■ **EXERCISE DATA**
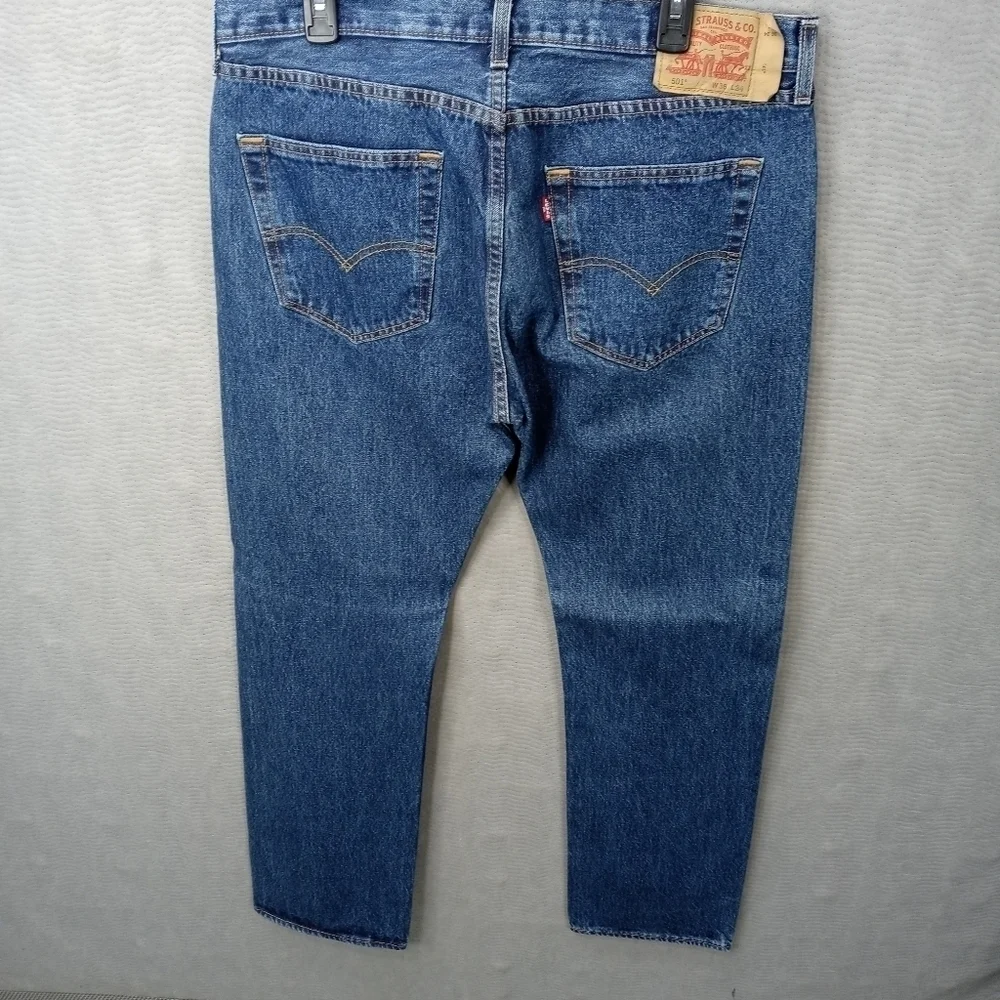 Levi's 501xx men's button fly blue jeans sz 36x34. 300 7pm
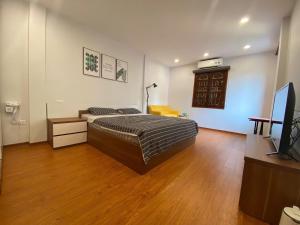 Simple Life Homes Near Ho Chi Minh Mausoleum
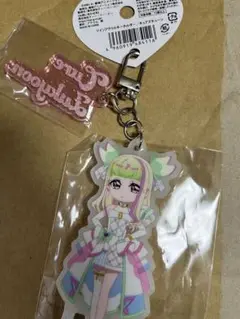 キミとアイドルプリキュア　ズキューン　プリティストア　ツインアクリルキーホルダー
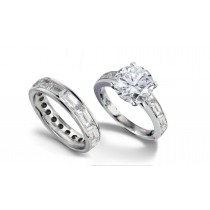 Brilliant Cut Round Diamond & Baguette Diamond Engagement Ring & Matching Wedding Band in Platinum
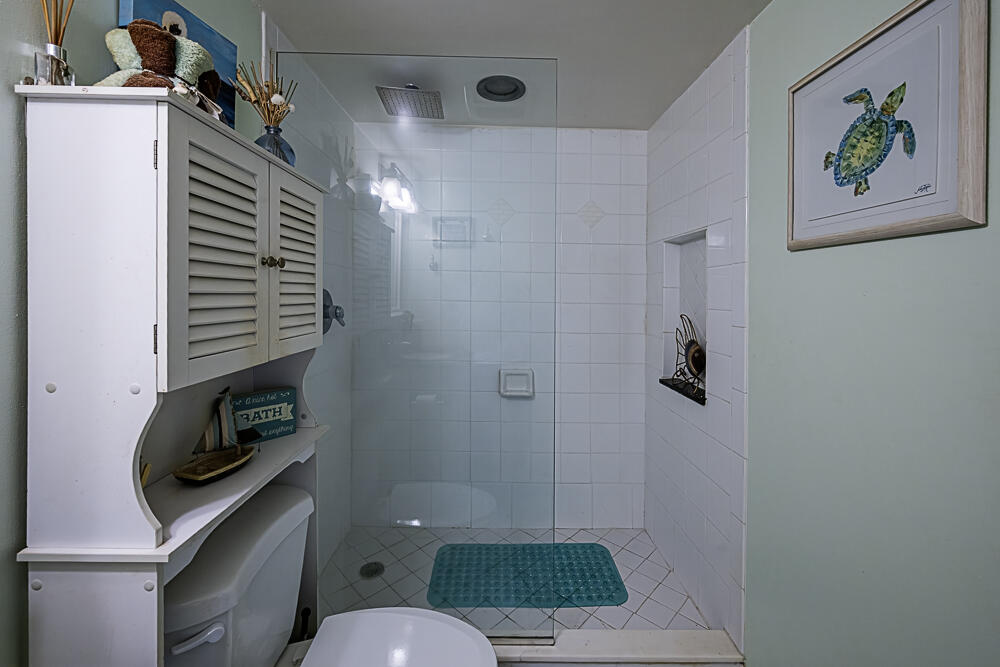 714 Northlake #208 North Palm Beach, FL 33408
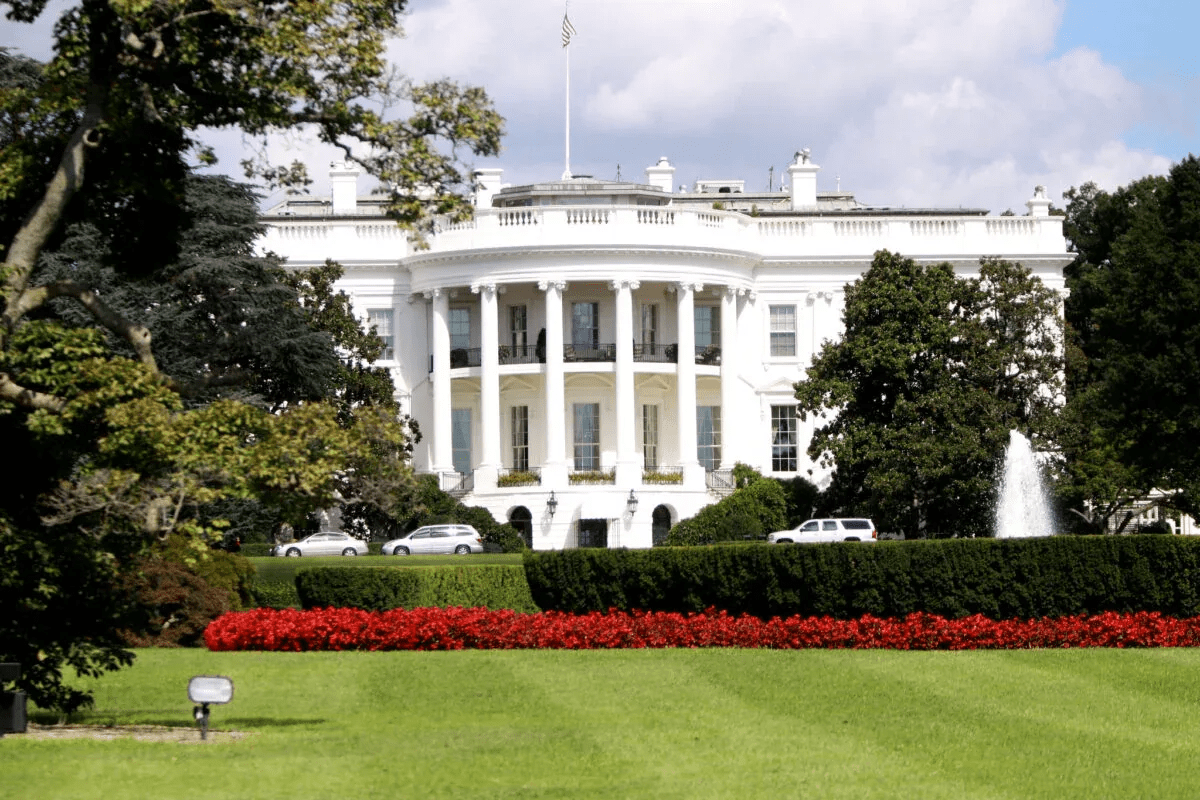 Trump cites ‘unusual and extraordinary threat’ in executive order banning inverter, BESS & transformer imports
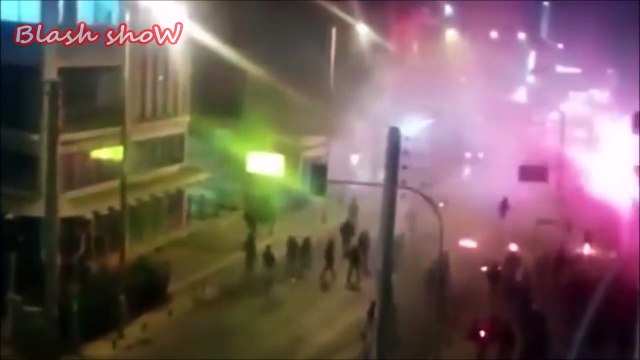 HOOLIGANS OLYMPIAKOS ATTACK BAR WITH ULTRAS PANATHINAIKOS 20.02.2017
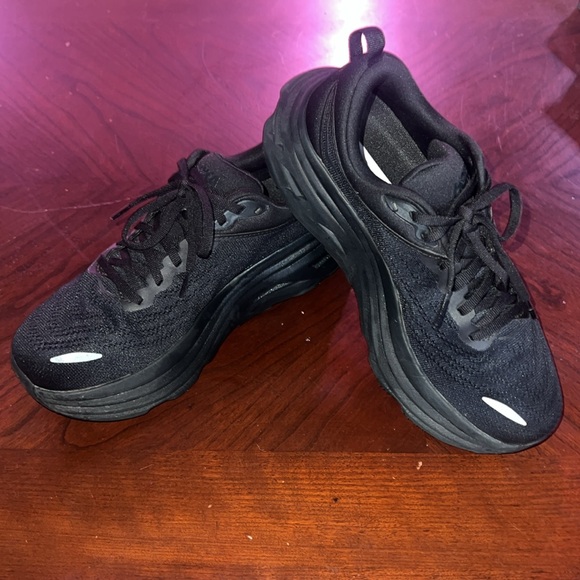 HOKA Bondi 8 women’s size 8.5 WIDE - Picture 2 of 6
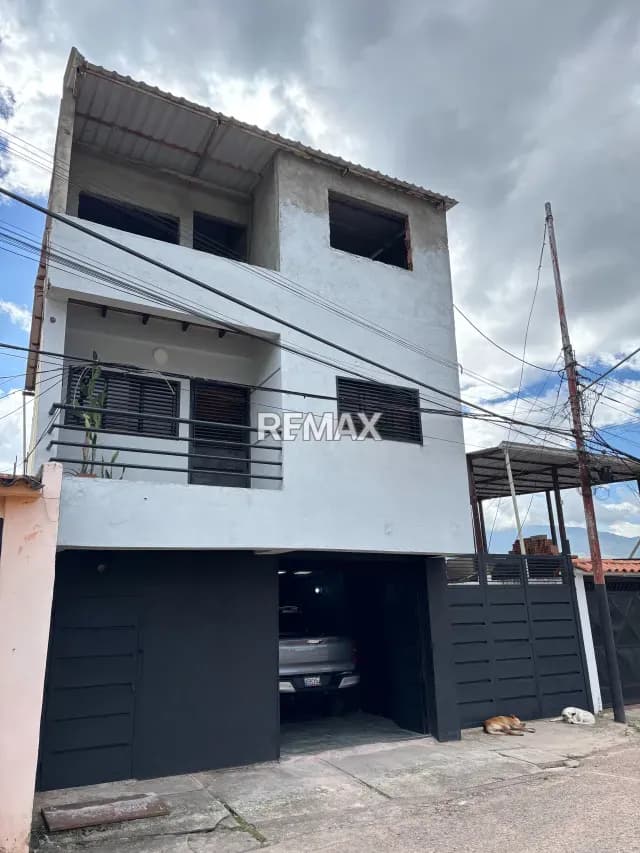 Edificio de Uso Mixto
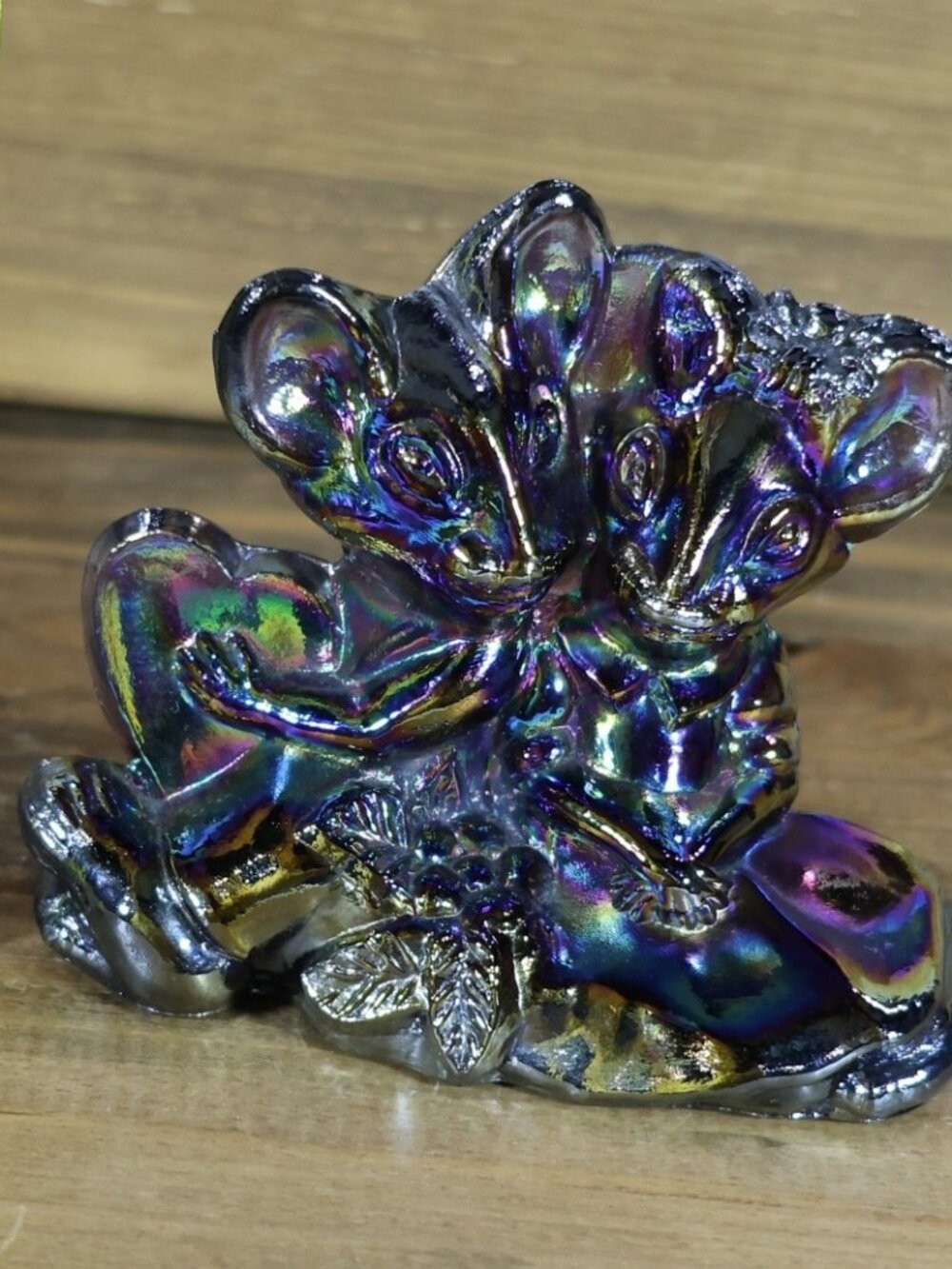 Pee gee Glass Mickey Minnie Mice in Love Purple Amethyst Carnival Paperweight - Picture 5 of 9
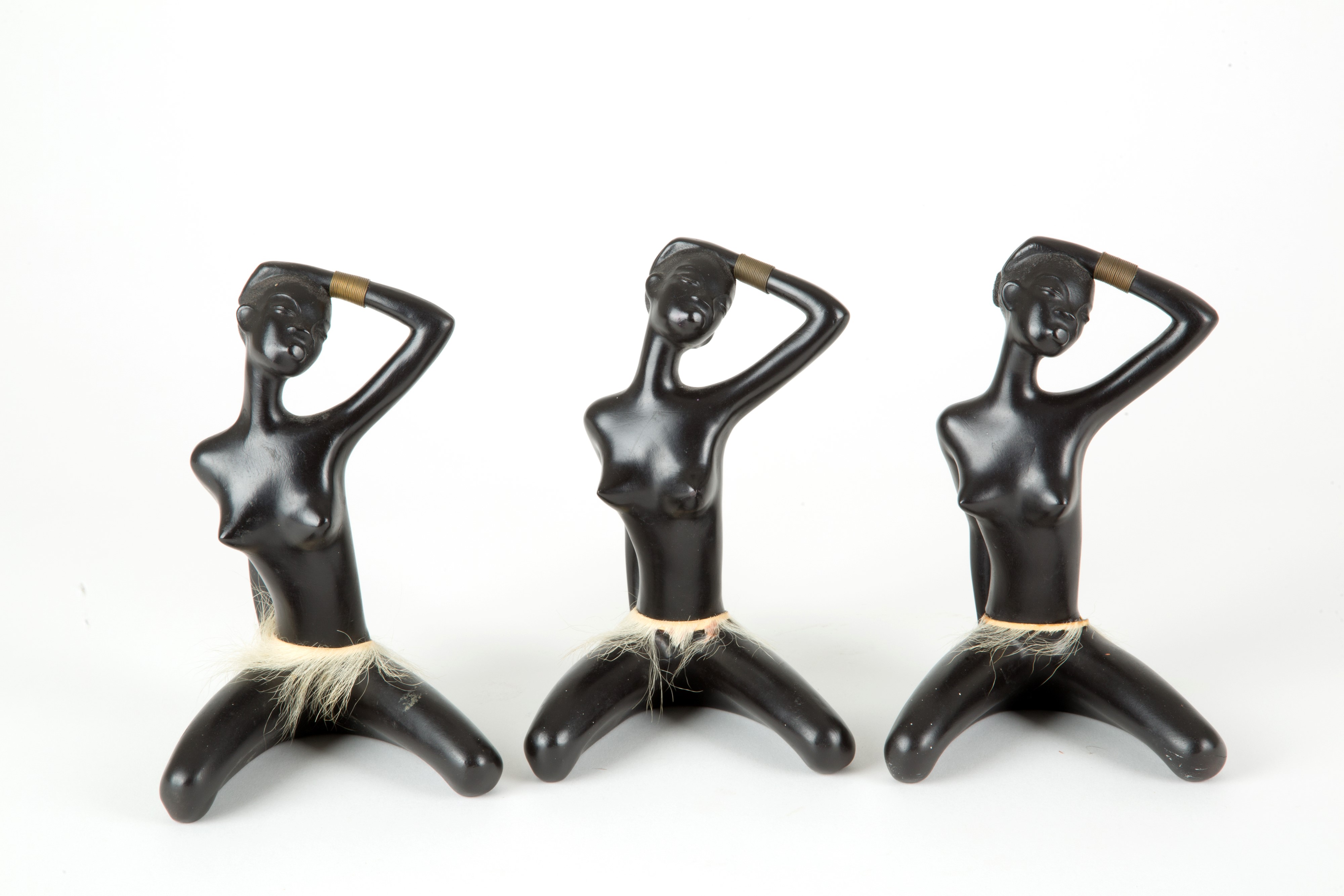 Leopold Anzengruber - Tre Sculture in Ceramica Nera "ballerine"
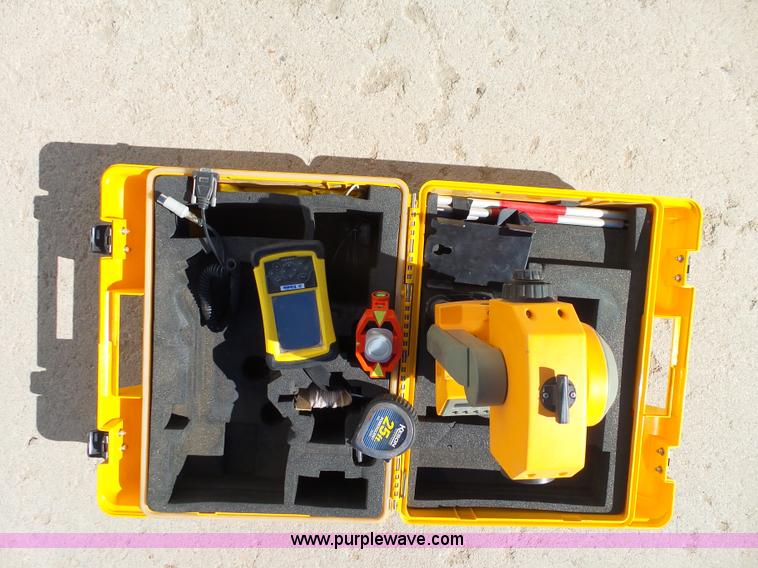 image for item AR9453 Assorted surveying tools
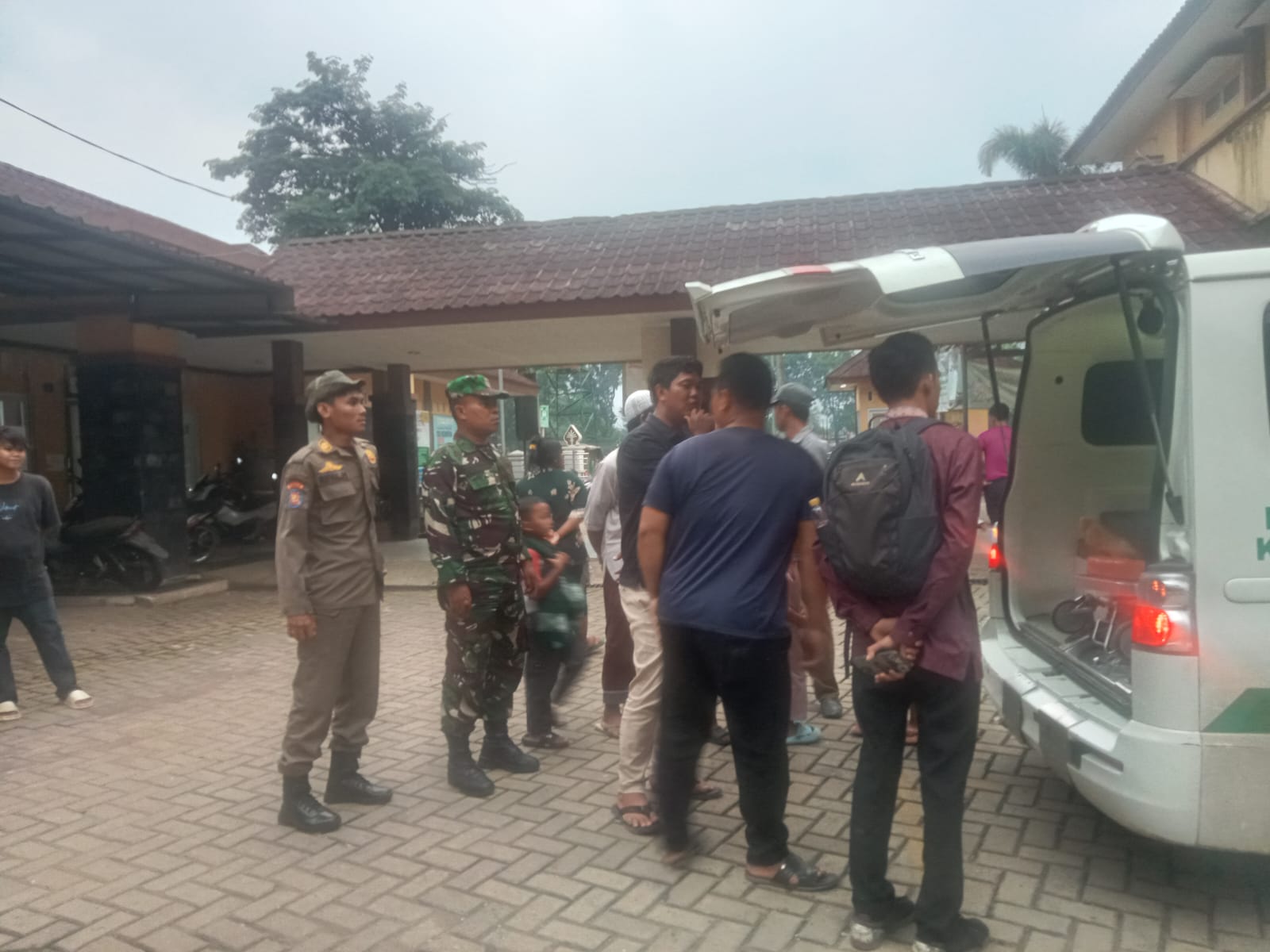 Seorang pria asal Tangerang mengalami serangan jantung hingga dinyatakan meninggal dunia saat mendaki Gunung Munara, Kecamatan Rumpin, Kabupaten Bogor.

■ **WORK TO COMPLETE**
Repeat verbatim the lines from the one with "Leopold Anzengruber - Tre" through the end of the listing above. Include both ends, add nothing, and exclude the pictures.

■ **RESULT OF THIS TASK**
 Leopold Anzengruber - Tre Sculture in Ceramica Nera "ballerine"
 image for item AR9453 Assorted surveying tools
 Seorang pria asal Tangerang mengalami serangan jantung hingga dinyatakan meninggal dunia saat mendaki Gunung Munara, Kecamatan Rumpin, Kabupaten Bogor.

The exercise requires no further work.